Comércio passa a ter acesso às linhas de crédito de três mil milhões de euros a partir de quarta-feira

A partir desta quarta-feira, as linhas de crédito de três mil milhões de euros serão abertas a mais setores, incluindo ao comércio. Apoios vão ser sucessivamente aumentados, garantiu Governo.

Depois de a Comissão Europeia ter dado “luz verde” a apoios de 13 mil milhões de euros a empresas em Portugal, o Executivo de António Costa decidiu alargar o acesso às já disponíveis linhas de crédito de três mil milhões de euros a outros setores, nomeadamente ao comércio e aos serviços. Isto já a partir desta quarta-feira, garantiu o ministro da Economia, à saída da reunião de Concertação Social. Estas linhas serão “posteriormente aumentadas”, adiantou Siza Vieira.

“O Governo pediu um alargamento do valor das linhas de crédito e dos setores que podem ser abrangidos por linhas de crédito com garantias de Estado. No domingo, a Comissão Europeia aprovou e divulgou que tinha dado autorização para um valor total de linhas com garantia de Estado de cerca de 13 mil milhões de euros. Portanto, o Governo decidiu que vai, já a partir de quarta-feira, passar a ter acessível a empresas de outros setores de atividade as linhas já disponibilizadas.
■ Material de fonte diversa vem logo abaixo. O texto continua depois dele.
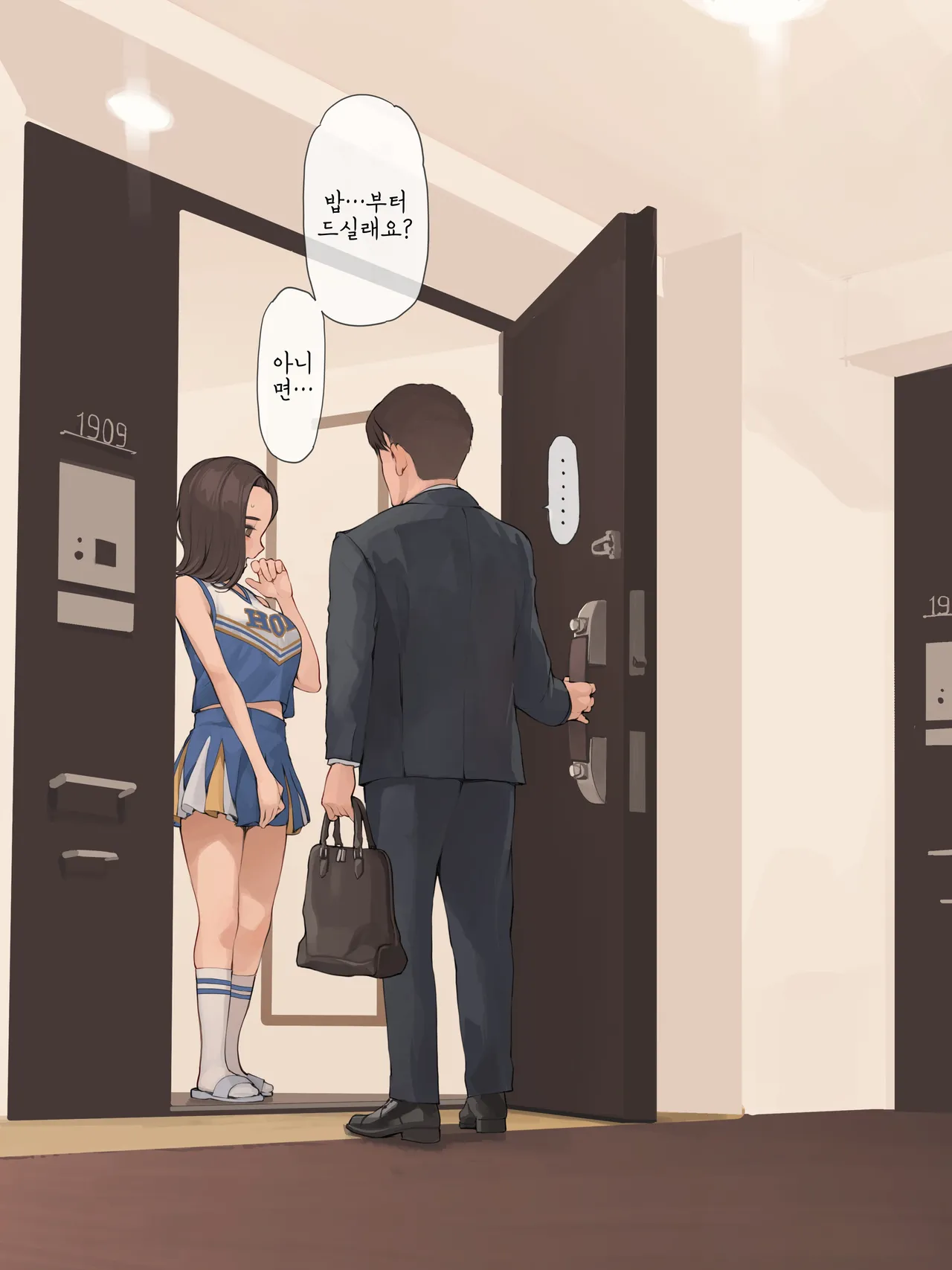 [Minagi KOH] OK인 날엔 코스프레하는 아내 [Korean] numero di immagine  3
Ou seja, às empresas do comércio e serviços, do setor dos transportes de mercadorias e de passageiros”, anunciou o ministro da Economia, em declarações aos jornalistas, esta segunda-feira.

Pedro Siza Vieira avançou, por outro lado, que o Executivo espera alargar o valor dessas linhas que já estão no mercado, já na próxima semana, dedicando especial atenção ao setor do comércio e serviços. “Como o Governo tinha dito, é a intenção de, particularmente para o setor do comércio e serviços — que foi mais afetado pelas medidas de encerramento de atividade –, reservar pelo menos um valor de 1.200 milhões euros“, acrescentou o governante.
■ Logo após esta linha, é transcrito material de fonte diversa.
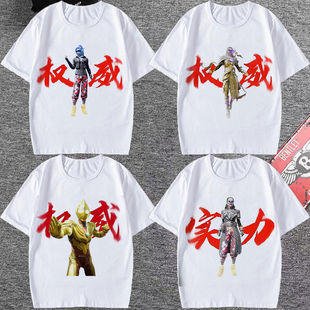 和平精英手游权威忘本男短袖t恤女搞怪打压实力表情包学生半袖t夏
A Confederação do Comércio e Serviços de Portugal (CCP) tem vindo a criticar duramente a opção do Governo por não incluir os setores que representa nas linhas de três mil milhões de euros já disponibilizadas. A confederação liderada por João Vieira Lopes chegou mesmo a acusar o Governo de “desprezo profundo” e a aconselhar os despedimentos como resposta às dificuldades das empresas causadas pela pandemia de coronavírus.

De notar que também esta segunda-feira, o PSD sugeriu alargar as linhas de crédito já disponíveis no mercado a todos os setores e aumentar o seu valor dos atuais três mil milhões de euros para dez mil milhões de euros.
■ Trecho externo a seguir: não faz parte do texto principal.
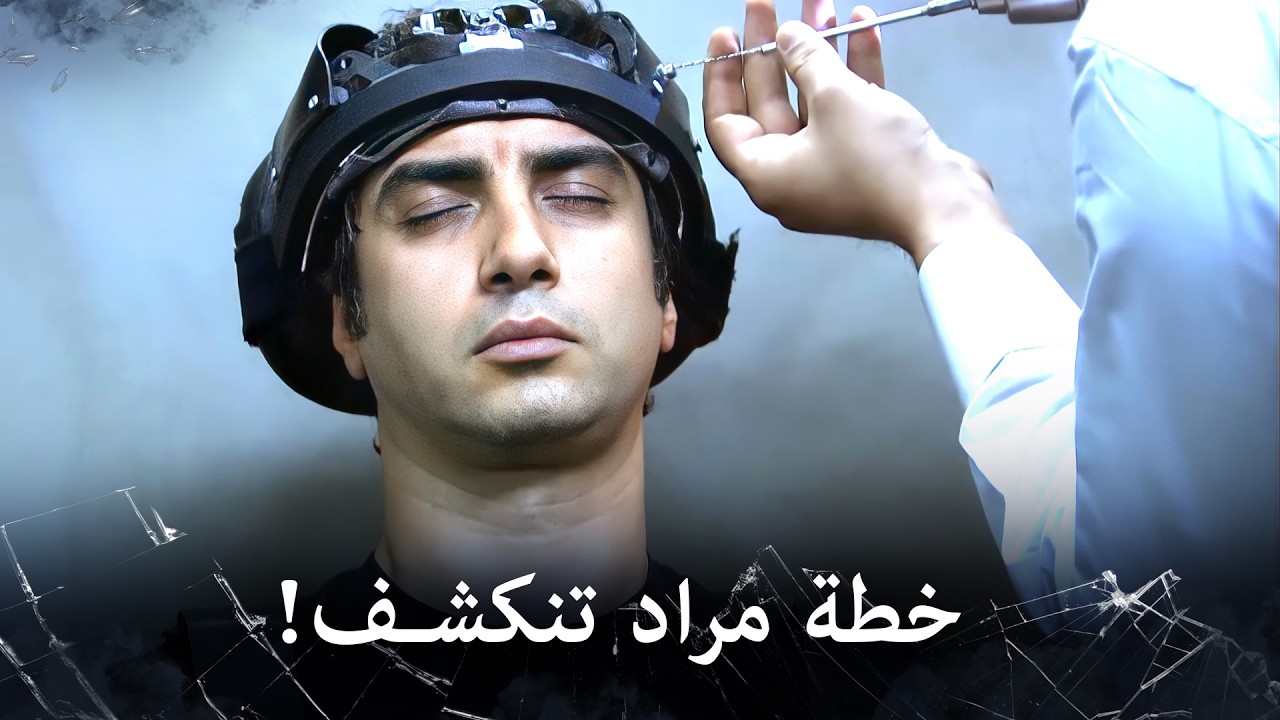 مراد علمدار - جماعة اسكندر يكشفون خطة مراد للهروب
Na semana passada, em entrevista à TSF, o ministro da Economia tinha adiantado que o Governo tinha feito uma notificação a Bruxelas para aprovar novas linhas de crédito no valor de sete mil milhões de euros de modo a apoiar os setores mais frágeis da economia.

O “sim” da Comissão Europeia chegou este domingo e prevê ajudas estatais não de sete mil milhões de euros, mas de 13 mil milhões de euros, que “permitirão a Portugal conceder subvenções diretas e garantias públicas sobre empréstimos para ajudar as PME e as grandes empresas”.

Questionado pelo ECO sobre esta matéria ainda no fim de semana, o Ministério da Economia disse apenas: Os 13 mil milhões “abrangem linhas já em vigor e novas que Governo possa vir a lançar à medida das necessidades“.

Sobre as linhas de crédito de três mil milhões que já estão no mercado, Siza Vieira revelou, esta segunda-feira, já foram apresentados pedidos de financiamento para 223 operações, estando “muitos outros pendentes”.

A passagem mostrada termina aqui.